▸ WHAT YOU SHOULD DO
The pictures are to be dropped, and the records below are to be restated word for word.

========================

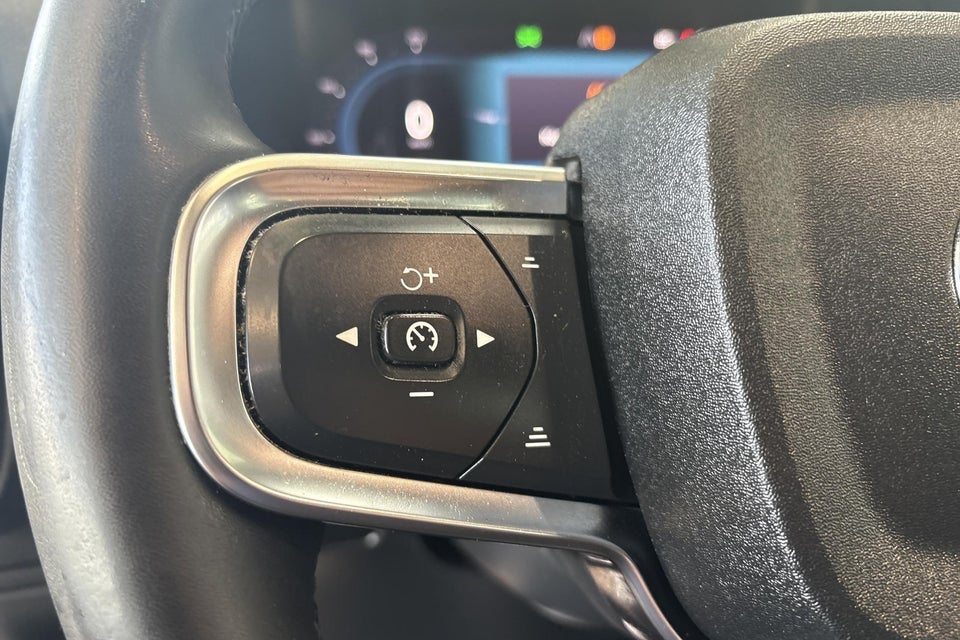 Volvo XC40 P6 ReCharge Core 5d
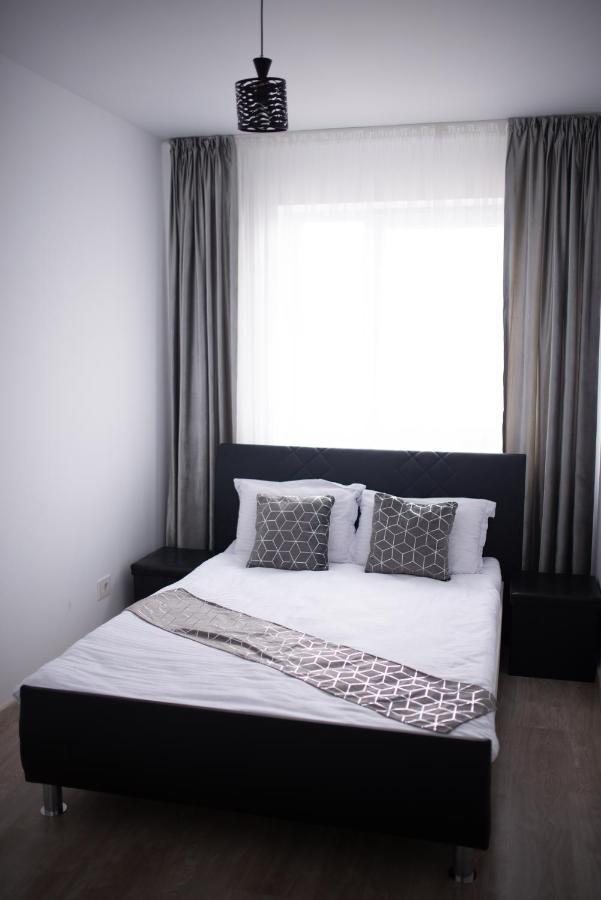 Apartament Denissia Орадя Экстерьер фото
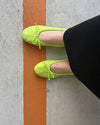 Vivid round ribbon flat shoes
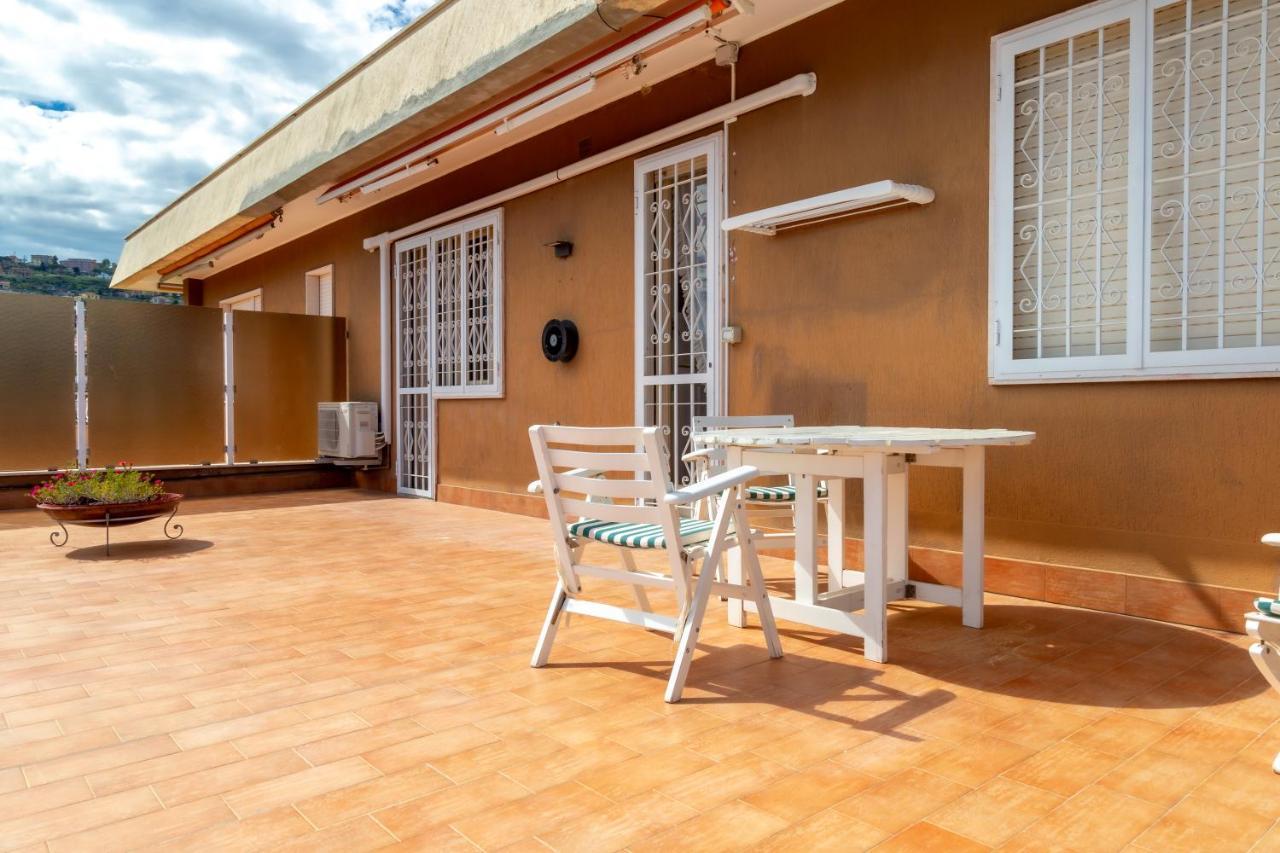 168B - La Terrazza Sul Mare, Casa A 10 Minuti Da Spiaggia, Parcheggio Privato Gratis Sanremo Exterior foto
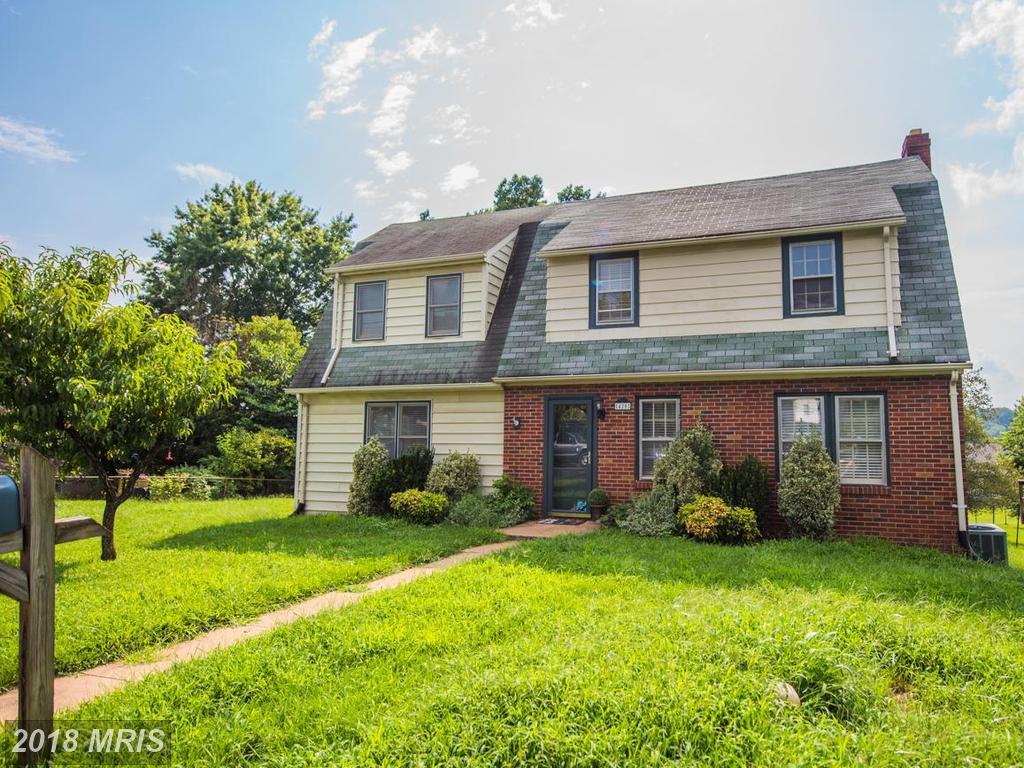 420 Kerfoot Avenue - Photo 1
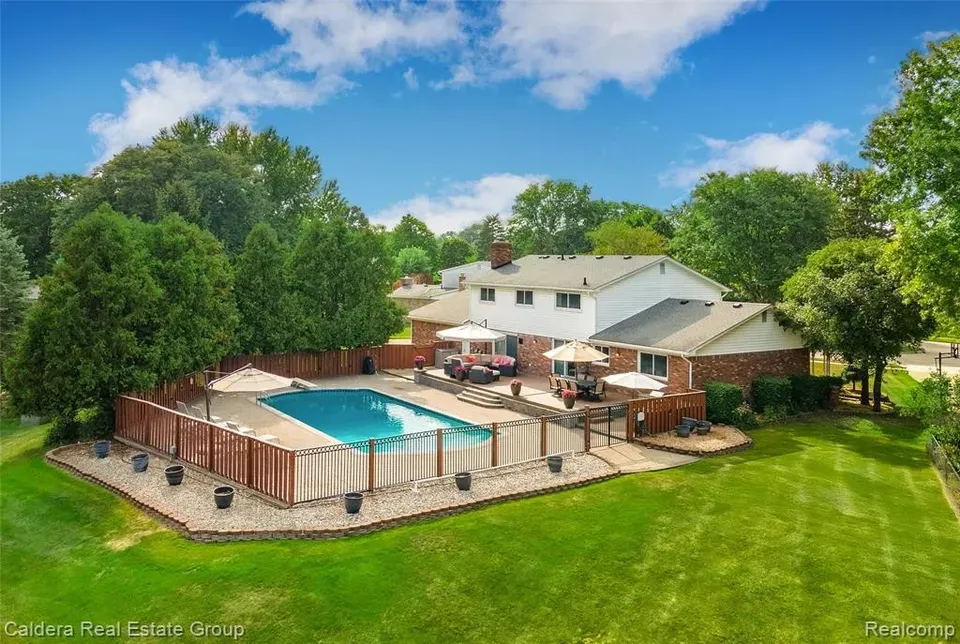 5 Bed 2 Bath Established Mid-Century Residence in Troy, MI - 5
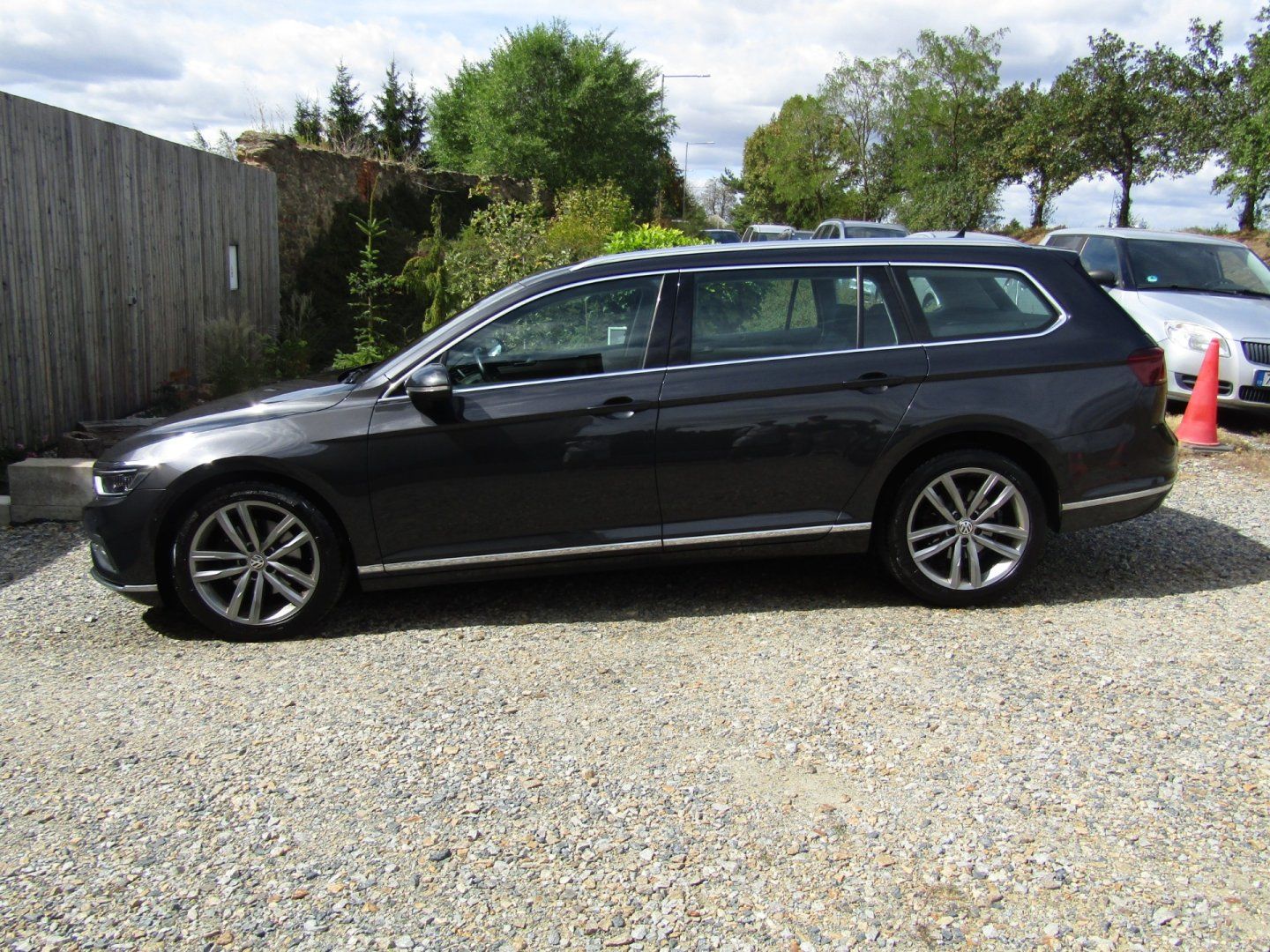 Volkswagen Passat Variant, 2.0 TDI 110kW DSG  ACC - fotka 3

========================

▸ SOLUTION FOR THIS EXERCISE
 Volvo XC40 P6 ReCharge Core 5d
 Apartament Denissia Орадя Экстерьер фото
 Vivid round ribbon flat shoes
 168B - La Terrazza Sul Mare, Casa A 10 Minuti Da Spiaggia, Parcheggio Privato Gratis Sanremo Exterior foto
 420 Kerfoot Avenue - Photo 1
 5 Bed 2 Bath Established Mid-Century Residence in Troy, MI - 5
 Volkswagen Passat Variant, 2.0 TDI 110kW DSG  ACC - fotka 3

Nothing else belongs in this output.